(Beginning of DATA SUPPLIED)

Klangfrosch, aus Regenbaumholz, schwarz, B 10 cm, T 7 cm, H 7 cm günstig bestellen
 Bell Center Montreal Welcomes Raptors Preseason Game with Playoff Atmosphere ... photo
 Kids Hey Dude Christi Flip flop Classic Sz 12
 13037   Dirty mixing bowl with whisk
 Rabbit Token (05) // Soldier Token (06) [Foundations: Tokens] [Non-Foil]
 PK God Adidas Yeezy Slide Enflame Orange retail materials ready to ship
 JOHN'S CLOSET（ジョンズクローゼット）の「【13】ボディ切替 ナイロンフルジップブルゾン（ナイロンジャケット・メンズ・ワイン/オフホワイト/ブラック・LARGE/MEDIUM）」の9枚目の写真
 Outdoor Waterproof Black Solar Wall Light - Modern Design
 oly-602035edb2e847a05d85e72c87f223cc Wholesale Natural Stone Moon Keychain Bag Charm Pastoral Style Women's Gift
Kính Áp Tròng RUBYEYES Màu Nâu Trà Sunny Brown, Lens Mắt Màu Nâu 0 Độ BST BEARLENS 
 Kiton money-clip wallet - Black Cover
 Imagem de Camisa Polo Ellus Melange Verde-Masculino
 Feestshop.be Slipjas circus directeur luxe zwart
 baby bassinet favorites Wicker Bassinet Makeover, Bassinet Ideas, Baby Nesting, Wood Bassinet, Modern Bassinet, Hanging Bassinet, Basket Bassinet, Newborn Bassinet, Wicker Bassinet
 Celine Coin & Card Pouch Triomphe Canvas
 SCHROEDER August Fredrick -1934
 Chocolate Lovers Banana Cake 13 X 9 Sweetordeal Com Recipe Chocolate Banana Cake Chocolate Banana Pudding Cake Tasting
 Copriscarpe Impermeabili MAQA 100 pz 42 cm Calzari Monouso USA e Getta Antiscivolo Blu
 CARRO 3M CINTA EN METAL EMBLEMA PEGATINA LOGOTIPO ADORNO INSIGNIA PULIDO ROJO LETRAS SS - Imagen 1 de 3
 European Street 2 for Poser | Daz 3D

(End of DATA SUPPLIED)

#### [BRIEF]
From the line containing "Kiton money-clip wallet - Black Cover" through the last line of the records above, reproduce every line exactly.

#### [WRITTEN REPLY]
 Kiton money-clip wallet - Black Cover
 Imagem de Camisa Polo Ellus Melange Verde-Masculino
 Feestshop.be Slipjas circus directeur luxe zwart
 baby bassinet favorites Wicker Bassinet Makeover, Bassinet Ideas, Baby Nesting, Wood Bassinet, Modern Bassinet, Hanging Bassinet, Basket Bassinet, Newborn Bassinet, Wicker Bassinet
 Celine Coin & Card Pouch Triomphe Canvas
 SCHROEDER August Fredrick -1934
 Chocolate Lovers Banana Cake 13 X 9 Sweetordeal Com Recipe Chocolate Banana Cake Chocolate Banana Pudding Cake Tasting
 Copriscarpe Impermeabili MAQA 100 pz 42 cm Calzari Monouso USA e Getta Antiscivolo Blu
 CARRO 3M CINTA EN METAL EMBLEMA PEGATINA LOGOTIPO ADORNO INSIGNIA PULIDO ROJO LETRAS SS - Imagen 1 de 3
 European Street 2 for Poser | Daz 3D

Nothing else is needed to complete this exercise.